松原みきのデビュー作
『POCKET PARK』は、
今、世界から注目を集める
日本独自のAOR
独自のAORサウンドを展開
また、M5「His Woman」とM9「Trouble Maker」はAORはAORでもロック成分強め。M5は芳野藤丸の作曲編曲で、そうくれば演奏はもちろんSHŌGUNだ。基本的にはポップなナンバーではあるが、ディスコティックなリズム、芳野藤丸らしいギターに加えて、ブラスとストリングスが豪華に配されていて、何とも景気のいい感じ。サビメロがM1以上にいなたいというか、和風、昭和歌謡っぽい印象でもあって、他にはない独特な空気感がある。M9は完全にハードロック。フロアタムを多用していると思われるドラミングからちょっとグラムロックっぽい匂いもする。厚め(熱め?)のギターサウンドに関係してか、サビでは他の曲では見せない圧しが強めのヴォーカリゼーションを見せているのも注目ポイントだろうか。彼女の歌い方には変な癖がないと前述したが、決して無個性ではないことはこの辺が証明していると思う。
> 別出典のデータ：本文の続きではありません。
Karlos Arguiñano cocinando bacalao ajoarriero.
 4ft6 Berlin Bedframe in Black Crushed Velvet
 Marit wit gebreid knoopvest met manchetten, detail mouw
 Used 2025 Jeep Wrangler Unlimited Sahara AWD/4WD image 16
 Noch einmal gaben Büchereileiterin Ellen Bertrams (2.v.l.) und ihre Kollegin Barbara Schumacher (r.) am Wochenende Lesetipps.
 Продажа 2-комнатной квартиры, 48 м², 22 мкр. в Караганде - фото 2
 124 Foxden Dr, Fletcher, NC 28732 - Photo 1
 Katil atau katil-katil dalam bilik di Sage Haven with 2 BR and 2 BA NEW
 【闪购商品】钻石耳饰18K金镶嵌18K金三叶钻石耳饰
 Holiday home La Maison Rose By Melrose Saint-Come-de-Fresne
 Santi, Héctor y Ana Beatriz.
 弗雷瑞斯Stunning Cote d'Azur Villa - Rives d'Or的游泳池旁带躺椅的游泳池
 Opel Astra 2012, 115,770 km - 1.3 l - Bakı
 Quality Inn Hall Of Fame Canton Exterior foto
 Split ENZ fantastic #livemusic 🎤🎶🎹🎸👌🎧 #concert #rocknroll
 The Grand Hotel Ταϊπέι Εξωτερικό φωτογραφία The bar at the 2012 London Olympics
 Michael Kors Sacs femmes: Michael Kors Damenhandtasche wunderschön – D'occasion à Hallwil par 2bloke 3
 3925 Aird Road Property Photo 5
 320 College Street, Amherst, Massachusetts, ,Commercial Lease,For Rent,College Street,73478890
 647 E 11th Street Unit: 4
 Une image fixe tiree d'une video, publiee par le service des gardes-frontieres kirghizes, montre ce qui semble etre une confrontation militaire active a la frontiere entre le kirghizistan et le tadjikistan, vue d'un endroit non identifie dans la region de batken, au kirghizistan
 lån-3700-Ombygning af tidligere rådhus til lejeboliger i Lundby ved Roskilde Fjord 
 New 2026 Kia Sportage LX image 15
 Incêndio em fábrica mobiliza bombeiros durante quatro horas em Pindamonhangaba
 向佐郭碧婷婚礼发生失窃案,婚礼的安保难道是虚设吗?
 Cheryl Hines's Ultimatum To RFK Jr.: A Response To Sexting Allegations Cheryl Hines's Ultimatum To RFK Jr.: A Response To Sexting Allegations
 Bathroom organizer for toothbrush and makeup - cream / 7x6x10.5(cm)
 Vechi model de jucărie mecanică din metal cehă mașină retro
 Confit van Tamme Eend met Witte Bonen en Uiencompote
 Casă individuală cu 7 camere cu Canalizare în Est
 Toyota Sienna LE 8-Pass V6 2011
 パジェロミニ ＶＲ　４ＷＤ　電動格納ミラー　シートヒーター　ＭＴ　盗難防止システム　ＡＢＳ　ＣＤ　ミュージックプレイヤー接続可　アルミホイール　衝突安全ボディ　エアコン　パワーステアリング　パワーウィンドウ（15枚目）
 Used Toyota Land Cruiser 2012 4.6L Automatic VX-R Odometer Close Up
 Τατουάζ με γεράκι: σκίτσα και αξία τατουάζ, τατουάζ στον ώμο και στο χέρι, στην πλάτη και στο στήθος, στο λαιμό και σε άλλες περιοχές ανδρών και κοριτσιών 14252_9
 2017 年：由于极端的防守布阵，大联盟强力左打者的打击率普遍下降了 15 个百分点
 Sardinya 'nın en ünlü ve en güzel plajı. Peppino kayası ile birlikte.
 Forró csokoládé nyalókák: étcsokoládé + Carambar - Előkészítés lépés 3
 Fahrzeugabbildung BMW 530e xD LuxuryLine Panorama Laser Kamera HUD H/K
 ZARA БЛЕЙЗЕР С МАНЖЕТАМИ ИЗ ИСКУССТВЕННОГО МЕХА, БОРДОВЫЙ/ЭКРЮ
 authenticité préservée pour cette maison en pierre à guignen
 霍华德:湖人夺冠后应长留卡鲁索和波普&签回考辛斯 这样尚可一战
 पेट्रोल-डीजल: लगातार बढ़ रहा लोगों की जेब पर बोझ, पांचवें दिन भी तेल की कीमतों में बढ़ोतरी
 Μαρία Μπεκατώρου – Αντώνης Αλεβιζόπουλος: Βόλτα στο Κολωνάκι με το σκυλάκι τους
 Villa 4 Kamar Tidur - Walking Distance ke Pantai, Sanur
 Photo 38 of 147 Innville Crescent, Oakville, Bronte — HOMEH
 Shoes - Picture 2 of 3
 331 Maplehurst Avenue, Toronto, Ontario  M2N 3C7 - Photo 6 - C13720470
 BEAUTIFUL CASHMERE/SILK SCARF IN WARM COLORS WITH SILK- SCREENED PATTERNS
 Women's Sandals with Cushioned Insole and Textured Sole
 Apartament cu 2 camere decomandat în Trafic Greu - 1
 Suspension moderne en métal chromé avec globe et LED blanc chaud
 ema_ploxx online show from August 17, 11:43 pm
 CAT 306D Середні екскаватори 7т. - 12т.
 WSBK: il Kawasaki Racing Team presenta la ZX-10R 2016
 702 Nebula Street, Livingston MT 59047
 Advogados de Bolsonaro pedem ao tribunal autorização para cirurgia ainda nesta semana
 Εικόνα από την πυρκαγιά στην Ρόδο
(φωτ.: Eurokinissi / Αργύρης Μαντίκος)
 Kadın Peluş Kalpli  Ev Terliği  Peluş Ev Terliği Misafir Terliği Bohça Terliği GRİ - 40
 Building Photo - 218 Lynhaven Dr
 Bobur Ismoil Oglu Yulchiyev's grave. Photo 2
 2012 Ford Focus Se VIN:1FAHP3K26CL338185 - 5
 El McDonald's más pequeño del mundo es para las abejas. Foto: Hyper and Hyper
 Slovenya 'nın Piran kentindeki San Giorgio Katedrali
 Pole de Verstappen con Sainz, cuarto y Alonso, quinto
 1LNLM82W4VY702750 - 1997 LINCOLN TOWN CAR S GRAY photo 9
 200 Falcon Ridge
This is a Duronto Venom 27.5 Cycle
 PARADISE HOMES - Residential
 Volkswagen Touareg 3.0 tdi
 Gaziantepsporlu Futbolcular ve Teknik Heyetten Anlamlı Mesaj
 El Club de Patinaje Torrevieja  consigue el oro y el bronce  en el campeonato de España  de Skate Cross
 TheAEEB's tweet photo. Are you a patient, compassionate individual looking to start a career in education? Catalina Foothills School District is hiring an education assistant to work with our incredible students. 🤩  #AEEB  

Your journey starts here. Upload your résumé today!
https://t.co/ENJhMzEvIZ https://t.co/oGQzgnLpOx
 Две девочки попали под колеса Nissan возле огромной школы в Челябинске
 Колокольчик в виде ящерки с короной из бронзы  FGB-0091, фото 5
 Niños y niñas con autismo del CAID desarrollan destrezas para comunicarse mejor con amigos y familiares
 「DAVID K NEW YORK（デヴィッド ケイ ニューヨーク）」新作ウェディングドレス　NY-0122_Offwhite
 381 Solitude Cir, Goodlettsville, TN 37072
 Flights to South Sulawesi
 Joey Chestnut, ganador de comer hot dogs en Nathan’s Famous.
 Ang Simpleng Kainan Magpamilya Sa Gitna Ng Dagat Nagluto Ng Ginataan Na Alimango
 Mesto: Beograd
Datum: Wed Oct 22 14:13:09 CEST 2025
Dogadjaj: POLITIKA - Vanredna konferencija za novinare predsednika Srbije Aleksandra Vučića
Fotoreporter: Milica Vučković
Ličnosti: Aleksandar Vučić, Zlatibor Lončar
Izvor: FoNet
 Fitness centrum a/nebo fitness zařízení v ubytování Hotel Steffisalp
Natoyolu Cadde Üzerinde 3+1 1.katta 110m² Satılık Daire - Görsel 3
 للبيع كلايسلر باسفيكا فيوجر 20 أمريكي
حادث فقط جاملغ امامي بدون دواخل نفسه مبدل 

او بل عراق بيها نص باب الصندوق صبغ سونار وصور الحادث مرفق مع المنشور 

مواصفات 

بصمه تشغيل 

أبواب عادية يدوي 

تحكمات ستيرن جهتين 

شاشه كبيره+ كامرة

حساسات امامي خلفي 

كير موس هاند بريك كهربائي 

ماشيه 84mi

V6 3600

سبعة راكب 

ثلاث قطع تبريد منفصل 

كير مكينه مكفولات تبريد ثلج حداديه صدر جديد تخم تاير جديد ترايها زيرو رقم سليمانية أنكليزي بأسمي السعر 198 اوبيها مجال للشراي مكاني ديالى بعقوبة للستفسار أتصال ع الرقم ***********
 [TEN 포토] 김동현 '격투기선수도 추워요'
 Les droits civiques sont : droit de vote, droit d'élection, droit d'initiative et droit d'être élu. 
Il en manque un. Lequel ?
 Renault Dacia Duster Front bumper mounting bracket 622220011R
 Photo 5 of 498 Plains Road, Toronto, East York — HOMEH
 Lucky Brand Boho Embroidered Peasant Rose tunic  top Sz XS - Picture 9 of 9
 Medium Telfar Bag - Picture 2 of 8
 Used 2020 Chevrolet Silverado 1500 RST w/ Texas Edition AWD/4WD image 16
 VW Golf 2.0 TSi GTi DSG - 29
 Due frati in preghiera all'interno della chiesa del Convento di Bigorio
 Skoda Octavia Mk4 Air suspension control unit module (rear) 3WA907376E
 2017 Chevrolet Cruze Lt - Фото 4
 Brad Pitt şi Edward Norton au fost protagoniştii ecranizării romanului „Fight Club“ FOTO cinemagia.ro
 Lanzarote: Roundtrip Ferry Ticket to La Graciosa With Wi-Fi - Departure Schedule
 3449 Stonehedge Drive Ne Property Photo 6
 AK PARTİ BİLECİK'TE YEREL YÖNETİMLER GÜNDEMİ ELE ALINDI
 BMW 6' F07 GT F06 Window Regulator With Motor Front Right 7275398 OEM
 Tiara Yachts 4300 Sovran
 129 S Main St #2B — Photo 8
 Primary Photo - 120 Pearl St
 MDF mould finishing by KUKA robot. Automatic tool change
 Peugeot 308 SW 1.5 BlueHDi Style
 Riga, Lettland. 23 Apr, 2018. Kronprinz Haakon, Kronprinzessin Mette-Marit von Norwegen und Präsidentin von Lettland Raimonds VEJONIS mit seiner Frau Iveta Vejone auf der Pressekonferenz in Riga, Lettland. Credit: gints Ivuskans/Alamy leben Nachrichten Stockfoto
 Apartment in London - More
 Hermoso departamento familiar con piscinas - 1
M10「Mind Game」やM11「偽りのない日々」がユーミンライクと言おうか、親しみやすメロディーで締め括っているのも面白いところだが、個人的に最も面白く聴いたのはM6「Manhattan Wind」。“Manhattan”をタイトルに持ってきた辺り、如何にAORを意識していたかがうかがえるところだが、そのサウンドは本作中、最も挑戦的ではないかと思う代物だ。エモーショナルなブラスセクションが彩るファンク~ソウル系ナンバー。まずサビの転調が相当興味深い。こればかりは聴いていただくしかないかと思うが、“おっ!?”と思うほどキーが上がっている。併せて、コード感も面白い。誤解を恐れずに言えば、ちょっと妙な感じすらある。ちょっと暗めだったり、そうかと思えばアッパーだったり、類型的ではない響きが歌メロに付随している。歌もサビ後半ではややセクシーな表情を見せるなど、ひと口にAORと言っても、さまざまなアプローチがあることを改めて知るところであった。この辺りは、まさにニューミュージックと言えるのではないかと思う。Rainychのカバーで「真夜中のドア〜」を知った人も多いだろうし、そこから翻ってオリジナルを聴いたというリスナーも少なくないと思うが、少しでも興味を持った人はアルバム『POCKET PARK』も是非、聴いてみてほしい。「真夜中のドア〜」がリリースから40年以上経ってもその輝きを失わなかった理由は本作にも遺されていると思う。